What baggage do I keep carrying around that is getting in the way of me being a good friend?
What unrealistic expectations do I have about my relationships?  

  • Then I need to look up...
God is ready and willing to take that baggage off my hands.  All I have to do is ask.  He is more than able to meet me where I am at.  Once again, I find myself praying for God to show me who needs a friend and how can I be a better friend.  

  • Lastly I need to look out...
In faith, I am looking to see how God will answer my prayer.  Who do I see that needs a friend?  What can I do to serve the friends God has given me?  How can I bless them?  Instead of waiting around for someone to reach out to me, who do I need to reach out to?

I have a feeling this book will be one of my favorites for the year.  It would be a great book to read through with a friend.  Anyone interested? 

Friday, June 16, 2017

A Fantasy Series, an Audiobook, and a Book by Tsh

One of my favorite things to do each month is head over to Modern Ms. Darcy's Quick Lit linkup to find what others are reading and recommending.  From these lists, I have been able to find books for my husband and I to read.  The lists have steered me towards books I might have otherwise not chosen and away from others that I was not sure about.  So after you get done reading my reviews, click here to find some other reviews that you might enjoy.

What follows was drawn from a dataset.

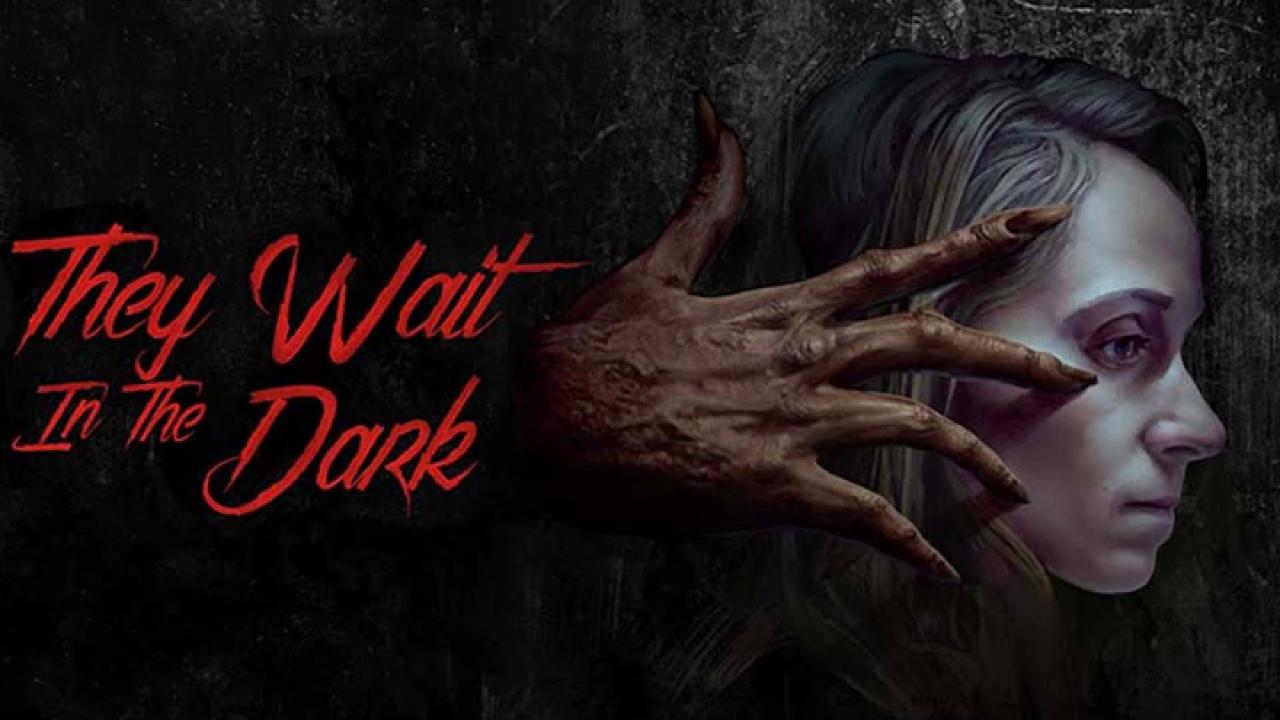 مشاهدة فيلم They Wait in the Dark 2022 مترجم كامل HD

Here are my reviews for the month:

1. The Starlight Archive by Brandon Sanderson

A few months back, one of my students found out that my husband and I enjoy reading some of the same books that she did such as Jill Williamson's fantasy series Kinsman Chronicles.   This led to her recommendation of the Way of Kings and a long wait for my turn to read it from my library.  Finally the book came in and my husband and I dove into hours of reading- literally hours of reading since the book was long.  The story took place in another time and space where a king was assassinated and a kingdom went to war in vengeance for his death.  The book was written from various viewpoints that at first seem random but as the book proceeds the story line converged to see how each character had their own part in how the story would end. The book was full of magical shards (swords), creatures that grew gemstones inside of them, and a history that had secrets waiting to be found.  The first book centered on the brother of the assassinated king who had visions during the high storms, a slave who should really be a soldier, and a young woman who wanted to be a scholar but also needed to save her family.  The second book, Words of Radiance relayed the continuing story of these characters as they battled the evil that was overtaking their land.  Now we are in waiting mode once again for the third book, Oathbringer, which is scheduled for release in November.

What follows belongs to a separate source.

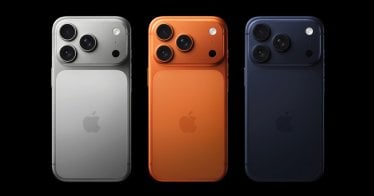 iPhone 17 Pro, 17 Pro Max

2. Never Unfriend by Lisa Jo Baker

This was a book recommended by one of the other bloggers on last month's link up.  I decided to go with the audio version  which was a great choice.  The author had a conversational writing style that translated well to an audiobook.  As I did my dishes, cleaned house, and walked, I was challenged about the baggage I carry into my friendships and if I am the kind of friend that I want to have.  I felt like Lisa Jo was speaking truth into my heart and changing my view of friendships and relationships.  Never Unfriend  is my favorite non-fiction book so far this year.  

3. At Home in the World: Reflections on Belonging While Wandering the Globe by Tsh Oxereider

My husband and I are in the middle of reading this book out loud in the evenings.  I can totally relate to Tsh's wanting to travel and explore yet have a place to call home.  Some of the places Tsh's family visited we have also visited which brings back memories of that time with our family.  Other places we are putting on our to visit or maybe not to visit list.  It a great book about travel, family, and home. 

What are some books you read this month that you would recommend or not recommend?